Why hasn’t my wife come outside to tell me to be careful or talk me out of this? And why am I shaking so?
When I was a kid, I used to climb trees much loftier than this and never stopped to give it a second thought. On this occasion I have to pause well above 25 feet and glance down, looking for any sign of the patron saint of squirrels.
Where is my wife? She’s probably rifling through important paperwork looking for that life insurance policy of mine.
I then ask myself that all-important question: Is it really worth risking my life to rid our home of one pesky squirrel?
But I’m getting a little ahead of myself. This story actually begins about three months earlier.
Sprawled out in my living room on Christmas Eve, watching Hammy the squirrel in my favorite animated movie, “Over the Hedge,” pay homage to the Great and Powerful Steve (yes, “Steve’s a pretty name”), I hear “pa-dump, pa-dump, pa-dump, pa-dump, pa-dump.” The unrelenting beat resembles a rolling flat tire being acoustically equalized by the lack of insulation beneath our hot-tin roof. My pooch pals and I glare at the ceiling as a real-life mad rodent DJ is mixing up sounds similar to eight tiny reindeer scurrying along the rooftop.

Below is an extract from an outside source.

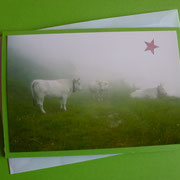 Die Kühe im Nebel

Hammy says, “Steve is angry!”
The offending critter has to be one of my wife’s beloved squirrels.
God only knows why she feeds those pesky tree rats that regularly damage to my tomato garden each spring.

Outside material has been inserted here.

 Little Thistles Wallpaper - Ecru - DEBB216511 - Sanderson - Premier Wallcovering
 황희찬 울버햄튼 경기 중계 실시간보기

She launches a preemptive strike to disarm me from responding with animated violence. “You are not going to pop that squirrel with the pellet gun. Besides, you’re not much of a sniper,” she warns in her best Dirty Harry voice.
I don’t have to sit here and let her take shots at me — do I?
I want to channel my inner Arnold and reply with, “Stand down, sister, The Verminator is on the job.” Instead, I fire back with: “I’m not planning to shoot one of your dad-blamed Sciurus carolinensis, Annie Oakley,” sounding a bit like Granny Clampett.
It’s hard to admit, but she really is a much better shot than me.
As I often do, I procrastinate in dealing with the pesky varmint. Every morning before sunrise and every evening after sunset, I grow accustomed to “pa-dump, pa-dump, pa-dump, pa-dump, pa-dump.” All five dogs, including our deaf and almost-blind 16-year-old Chihuahua, have joined the rodent’s band with off-beat barks and growls worthy of “Who Let The Dogs Out?” And the enthusiastic Chihuahua has nary a clue why she is barking.
But what was funny the first 200 times is now annoying.
Weeks turn into months. As March rolls around, the canine-tree-rat band finally receives its first royalty payment and I discover a hole chewed through the soffit at the roof peak where the intruder sees fit to use my weather vane to pole dance its way into my attic.
Time has come for the Great and Powerful Steve to devise a clever plan to outwit, outplay and outsmart my fuzzy-tailed nemesis before he chews clean through my house wiring and causes an electrical short that would reduce my modern-day Cracker shack into ashes and dust — lots of dust.
The tiny trespasser’s entryway is just too difficult to reach without a bucket truck. Even my Spider-Man-like climbing skills would be no match for the steep-pitched roof.
After three months of thoughtful strategizing, my cartoonish plan really is not all that well thought out. In the midst of reconnaissance, I notice several boughs stretch above the roof that our squatter squirrel may be using to travel to and from the home. I’ll just remove the limb route this ornery treetop transient is using to get to the house. The suspect tree is just outside the bedroom door leading to the backyard and the limb in question is close to 30 feet skyward.
I am ready to put my seasoned plaid-shirt skills to the test.
“I’m a lumberjack, and I’m OK.
I sleep all night and I work all day.”
But I digress. (And even if you know the song, please ignore the last verse.)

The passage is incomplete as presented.